Click here to return to the Post and Courier
Jenny Sanford, Kuhn in hall fracas

Senator challenges state's first lady on her support of political rival
BY CLAY BARBOUR AND SCHUYLER KROPF
Of The Post and Courier Staff

COLUMBIA--First lady Jenny Sanford and Charleston Sen. John Kuhn traded heated words recently after Kuhn discovered the governor's wife supported one of his rivals in the upcoming GOP primary.

The exchange occurred in the hallway outside the governor's office. Kuhn found out the first lady contributed $1,000 to the campaign of Chip Campsen, a longtime friend and former staffer of Gov. Mark Sanford. Many observers expect Campsen to knock Kuhn out of the Senate.

Kuhn said he went to the governor's office to confront Jenny Sanford about the contribution and to ask her to quit helping Campsen.Kuhn said he also asked her, rhetorically, if she would contribute to his campaign.

The first lady said it was her right to support whomever she wanted. She refused to donate money to Kuhn or to vote for him.

The confrontation then became heated. Just who escalated the situation, however, is a matter of he said, she said.

According to Will Folks, Gov. Sanford's spokesman, Kuhn was upset.

"He raised his voice to the first lady and generally conducted himself in a manner she found unprofessional and frankly, insulting," Folks said.

Kuhn contends the first lady lost her cool.

"If anybody yelled at anybody, it was the first lady," he said. "If anybody was unprofessional, it was her. She really blew her top. The staff had to usher her out of the hallway, because according to them, they 'didn't want the press to see Jenny that way.'

"She's got an unbelievable temper," Kuhn added.

The blowup is the latest proof of strained relations between the senator and the governor's office, stemming back to when Kuhn helped kill the governor's government restructuring proposal in committee.

Kuhn was one of several senators who opposed the proposal. However, he seemed to garner the lion's share of blame from Sanford's office.

He is in the middle of a tough primary race for Senate District 43, along with Campsen and Henry Fishburne.
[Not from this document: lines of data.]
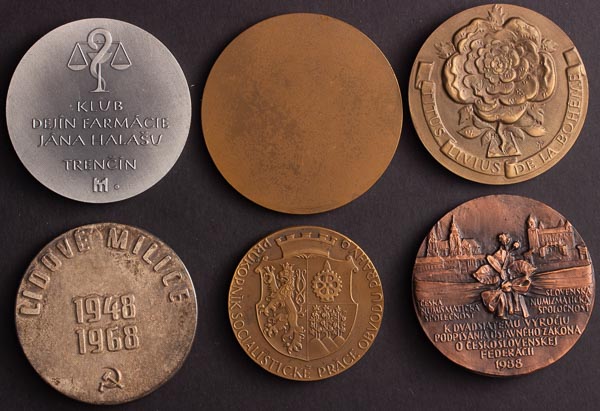 Medal (6 pcs) - back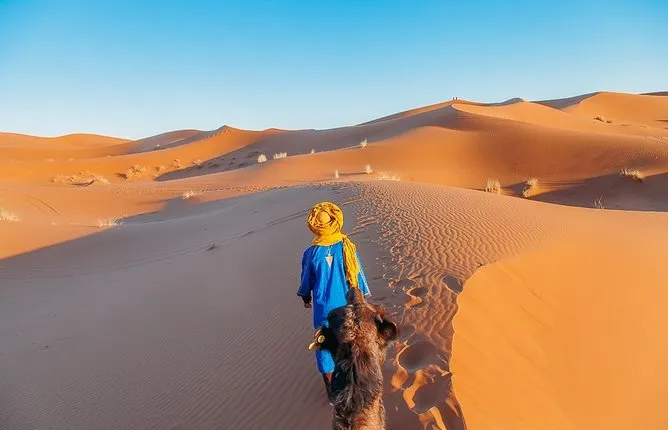 5-Day Private Tour to Merzouga and Marrakech from Chefchaouen
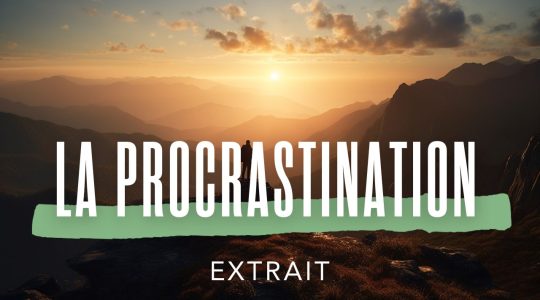 vignette-yt procrastination_devilliers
The governor has said he does not endorse candidates in the primary, as a matter of personal philosophy. Folks said the first lady's donation should not be viewed as a gubernatorial endorsement.

Still, Jenny Sanford stays involved in her husband's politics. And a TV ad Campsen began running recently in the Charleston market shows Sanford and Campsen standing side by side, smiling for the camera.
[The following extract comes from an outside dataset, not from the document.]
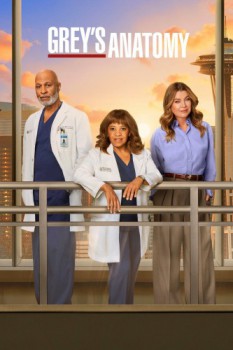 poster Grey's Anatomy - Season 04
Campsen, a former member of the S.C. House of Representatives, said there was nothing out of the ordinary in showing his association with Sanford, who picked him to be a part of his transition team after the 2000 election. He also named Campsen a senior policy advisor during the first months of his term.

Campsen said Kuhn's frustration is a result of having to live with his voting record this year.
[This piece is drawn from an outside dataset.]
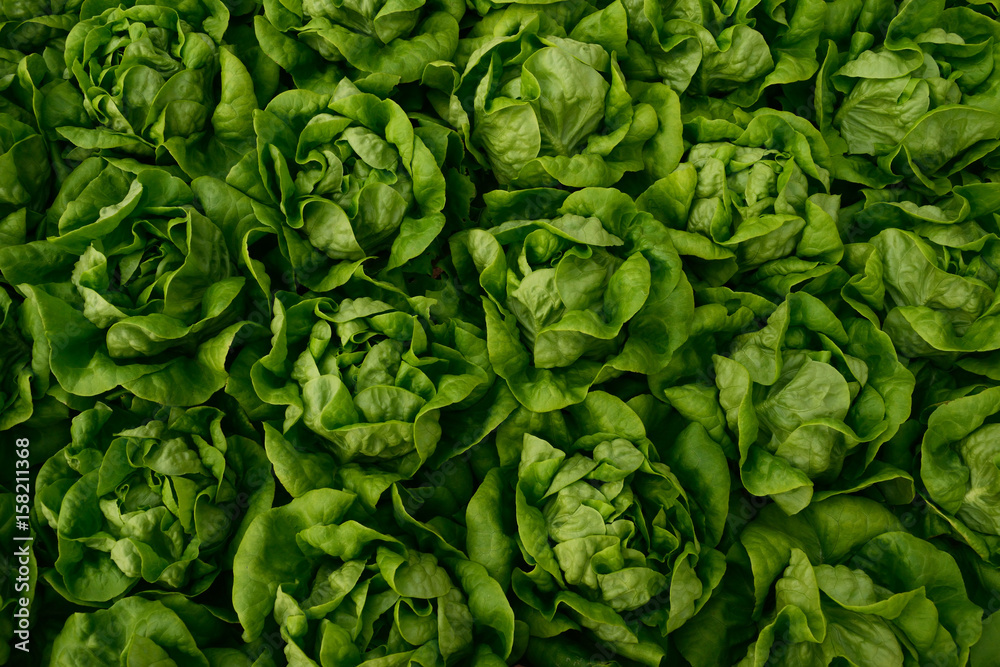 Lettuce farming Lettuce farming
"John may be upset, but he's really upset at a historical fact," Campsen said. "The fact is he has not been supportive of the governor's agenda."

Many of Kuhn's fellow senators did not seem to like the idea of the governor, by any connection, supporting an incumbent's opponent.

"I don't think that's fair," said Sen. Robert Ford, D-Charleston. "Those three guys can fight it out on their own, and whoever wins, wins. That situation just divides the Republican Party. Which is good for me, really."

Senate President Pro Tem Glenn McConnell, R-Charleston, said the first lady has a right to support whomever she wants.

McConnell should know. Former Governor Carroll Campbell once supported a Republican candidate against McConnell, who had opposed Campbell's government restructuring plan.

"The similarity is a little eerie isn't it?" he said.

Fishburne stayed away from the fray. "I understood from the beginning of this race that the governor and Chip are friends and that John Kuhn is the incumbent Senator," he said. "That's what their ads seem to be emphasizing while our ads are addressing the issues: improving education, lowering property taxes and relieving traffic congestion and sprawl."